Even if we grant that some of these movements have been successful, to whatever degree, Is there a danger in celebrating these important, but nevertheless local, victories? In this regard, Feenberg appears to fall into the same trap as the constructivists, who he rightly criticizes. He seems to argue that if a particular design process is "democratic," then it is good. Bracketing technological design in this way makes his optimism understandable.10 There is an implied "progressionism" in his attitude toward technology--that is, technological advancement is fine as long as it is democratic (as defined by him). However, focusing on "particular" relations with technology obscures the fact that most of the local "victories" become co-opted in the larger context of global capitalism.11 In the long run this emphasis on the local obfuscates the hegemony that, on the one hand, Feenberg acknowledges, but, on the other, offers no real strategy for addressing other some vague notion of a "reflexive technological hermeneutic." Can the technological hermeneutic ask questions deep enough to undermine the prevailing attitude of "technology equates to economic progress"? In short, it is difficult to understand Feenberg's optimism when he admits capitalism's "unidirectional tendency" toward "conserving hierarchical structures" through technological design.

Although not completely pervasive, it appears that in the long run the logic of the market does seem to prevail. Thomas P. Hughes' history of the electrical utility industry is one such example where initially a large amount of contingency existed in the design process. He compares the development of electrical systems in Chicago, London, and Berlin, and shows how each context transfigured the shape of the electrical system. Chicago was dominated by laissez-faire economics, Berlin by heavy government regulation, and London by parochialism--each giving, initially, a unique face to "electricity." London held out the longest against standardization with its extremely fragmented and non-standardized conglomerate of electrical systems. Nevertheless, Hughes claims that by the 1930s all three systems were homogenized by the market demands of utilitarian efficiency (Hughes).12

As in the case of the Internet, "electricity" was hailed as a liberatory technology--emancipating the common person from the drudgery of everyday life. But in the end, we find ourselves more deeply embedded in a system in which we have no control over and no way out of--that is, short of dropping out completely. Like London, we are all forced to capitulate to the standard (e.g., Microsoft) of the present (Internet) system. Why should the Internet be any different? The larger context of the global market system has only intensified, since the birth of the electrical industry. Hence, unless the broader context is adequately addressed, there is no reason to believe things will be any different for the Internet, or any other "hopeful" technologies.

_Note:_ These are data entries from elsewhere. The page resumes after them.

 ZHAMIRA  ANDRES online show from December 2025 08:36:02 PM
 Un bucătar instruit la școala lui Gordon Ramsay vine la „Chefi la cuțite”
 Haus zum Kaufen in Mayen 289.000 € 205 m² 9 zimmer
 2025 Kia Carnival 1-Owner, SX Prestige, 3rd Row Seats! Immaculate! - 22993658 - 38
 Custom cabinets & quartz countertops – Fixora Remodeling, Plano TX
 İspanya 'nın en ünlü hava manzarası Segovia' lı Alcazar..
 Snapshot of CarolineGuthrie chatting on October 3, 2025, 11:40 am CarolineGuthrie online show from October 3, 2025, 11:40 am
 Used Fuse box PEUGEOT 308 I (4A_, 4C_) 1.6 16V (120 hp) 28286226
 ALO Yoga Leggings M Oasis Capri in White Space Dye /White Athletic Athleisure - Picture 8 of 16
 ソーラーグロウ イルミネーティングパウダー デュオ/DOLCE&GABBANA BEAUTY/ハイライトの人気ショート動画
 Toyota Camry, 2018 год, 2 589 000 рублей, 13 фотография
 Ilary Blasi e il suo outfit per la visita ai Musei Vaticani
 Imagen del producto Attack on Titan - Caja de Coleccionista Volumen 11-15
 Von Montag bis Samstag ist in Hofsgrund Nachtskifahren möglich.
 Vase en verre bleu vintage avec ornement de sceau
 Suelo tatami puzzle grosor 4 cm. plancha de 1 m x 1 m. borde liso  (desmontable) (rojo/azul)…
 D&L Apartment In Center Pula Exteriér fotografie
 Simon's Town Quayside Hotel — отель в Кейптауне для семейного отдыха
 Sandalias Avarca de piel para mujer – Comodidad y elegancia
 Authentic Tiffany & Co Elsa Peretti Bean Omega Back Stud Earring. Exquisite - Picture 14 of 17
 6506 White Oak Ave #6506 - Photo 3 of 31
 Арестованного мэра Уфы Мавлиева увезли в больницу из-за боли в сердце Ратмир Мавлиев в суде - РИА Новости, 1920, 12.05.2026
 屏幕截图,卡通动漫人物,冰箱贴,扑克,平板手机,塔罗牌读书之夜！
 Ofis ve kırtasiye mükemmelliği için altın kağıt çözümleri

Granted, there may be occasional successes in shaping modernity as Feenberg suggests, but the larger train of capitalism on which modernity is securely fastened rolls on:

The hegemonic control of technology by capitalism has played a major role in increasing the disparity between the haves and the have-nots.13 Even today, while much of the world is in a recession, the United States is reveling in a techno-fetish induced economic high. In a world where 20% of the population consumes 80% of the energy and resources, consumption must be addressed (Boff, 18). It can not be denied that much of this disparity in consumption is a result of the wasteful energy systems in which we are embedded.

The increasing embeddedness in technological supersystems, with their associated consumptive lifeworlds, lies at the root of the increasing disparity (Mellor). What does a more democratic Internet mean to a rural Nigerian with no electricity whose main concern is obtaining clean water, food, and fuel? Or the FDA approval process to Africans suffering from AIDS? Nothing. As we carry on with efforts to "democratize" the virtual world, we leave the rest of the real world further and further behind. Feenberg argues that the design process can be democratized by including subjugated knowledges, but many of the subjugated can not even step up to the table and make their voices heard. And while the freight train of technology rolls on, these marginalized groups become further and further distanced from any chance of being heard. Obviously, technology must be questioned, but more importantly the fuel that drives the train of technology--capitalism--must be questioned.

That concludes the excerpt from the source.